Dzięki koledzy za wszelkie wskazówki. Kryhawrc - Twój patent uszedł mojej uwadze, a później było dla niego troche za późno, ale na drugim kole go dobrze przećwiczę (robiłem podobnie, ale bez podparcia drugiej strony.)
Skończyło sie demontażem całej zwrotnicy, a legendarna śruba dała mi po kościach. Okazało się, ze cały komplet whaczy po prawej stronie jest fabryczny 1998 r. jestem niemałym szoku, bo zakladałem duuuużo większy przebieg tego auta niż 184000., a te wahacze świadczyłyby o tym, że może nie ma takiej tragedii
. Oczywiście trzeba wźiąć pod uwagę nasze "drogi", a niemieckie...
Czy sworznie mogę dokręcać już do oporu na tej zwrotnicy ? czy dopiero po osadzeniu wozu.
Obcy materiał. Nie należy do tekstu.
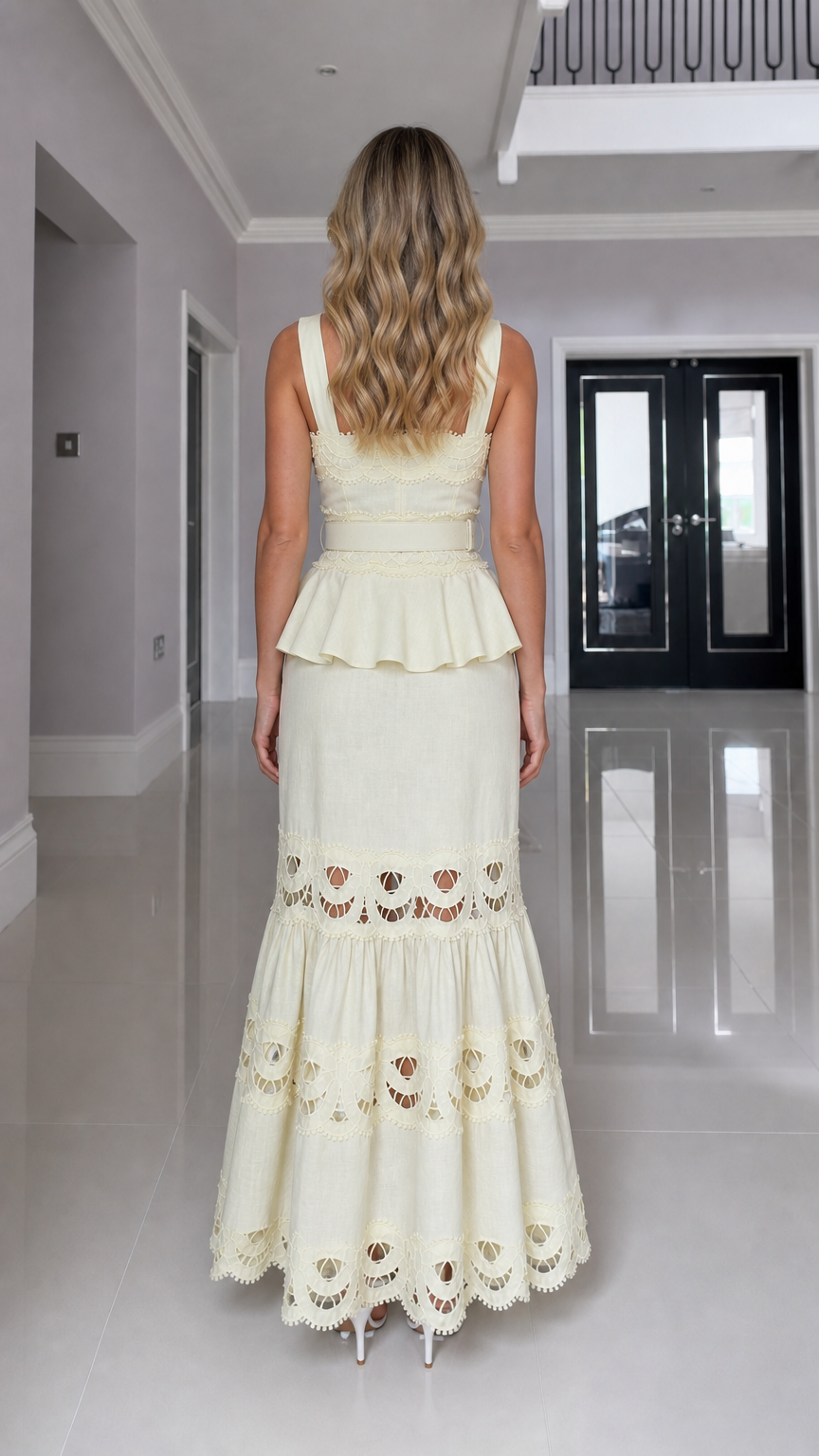 Back view of model in yellow cutout maxi dress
Bo jeśli chodzi o tuleje to raczej wiem, że nie ma innej opcji.
Pozdrawiam
PS wypadł mi gdzieś przy okazji metalowy oring o średnicy ok 2 cm - czy wie ktoś z kolegów, jakie było jego miejsce ? obstawiałm na razie zciski, ale nie jestem pewien...
PS. 2 Czy da się jakoś odłączyć zacisk od przewodu olejowego, bez konieczności jego spuszczania i drastycznego uzupełniania ?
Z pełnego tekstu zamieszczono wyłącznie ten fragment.